(Beginning of GIVEN DATA)

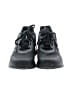 Adidas Black Sneakers Size 7 - photo 2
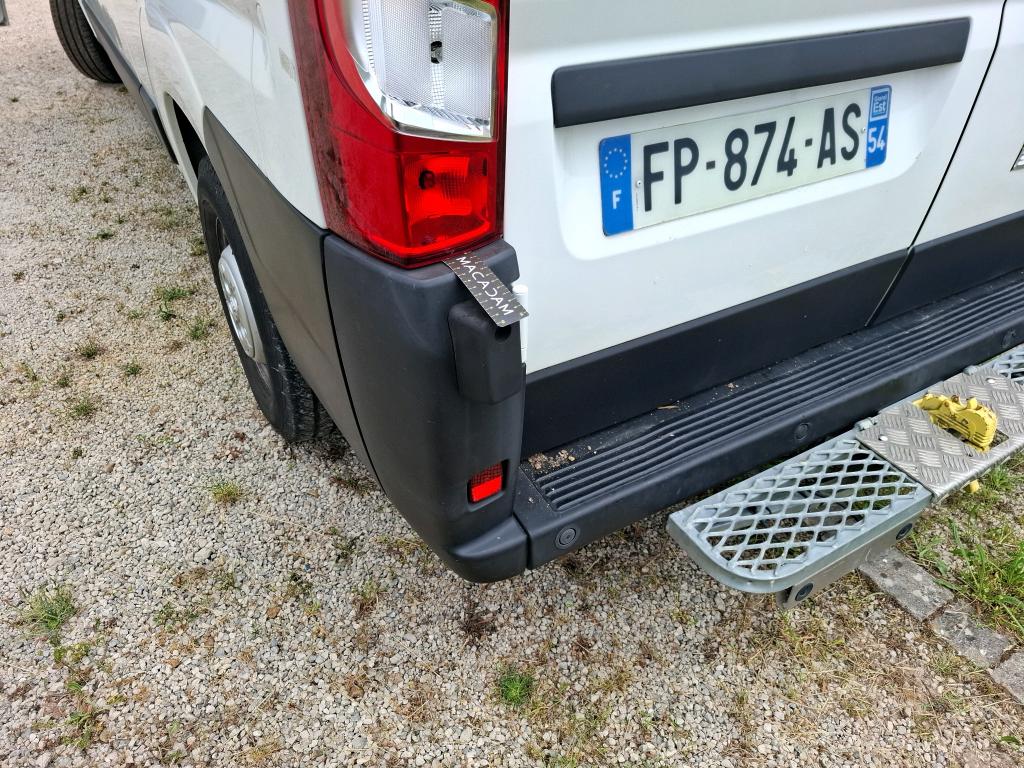 PEUGEOT PEUGEOT BOXER FOURGON TOLE 335 L2H2 BLUEHDI 120 S&S PREMIUM 2020
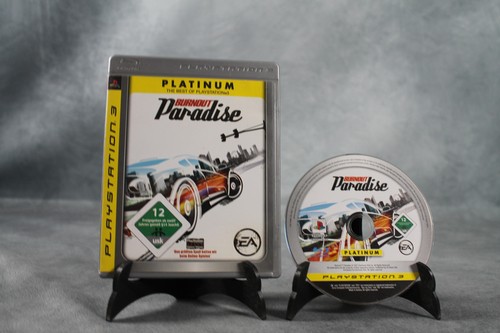 Burnout paradise platinum ps3 - platinum,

(End of GIVEN DATA)

## WORK REQUEST
Faithful copy, images left out: write out every line of data.

## FINAL ANSWER
 Adidas Black Sneakers Size 7 - photo 2
 PEUGEOT PEUGEOT BOXER FOURGON TOLE 335 L2H2 BLUEHDI 120 S&S PREMIUM 2020
 Burnout paradise platinum ps3 - platinum,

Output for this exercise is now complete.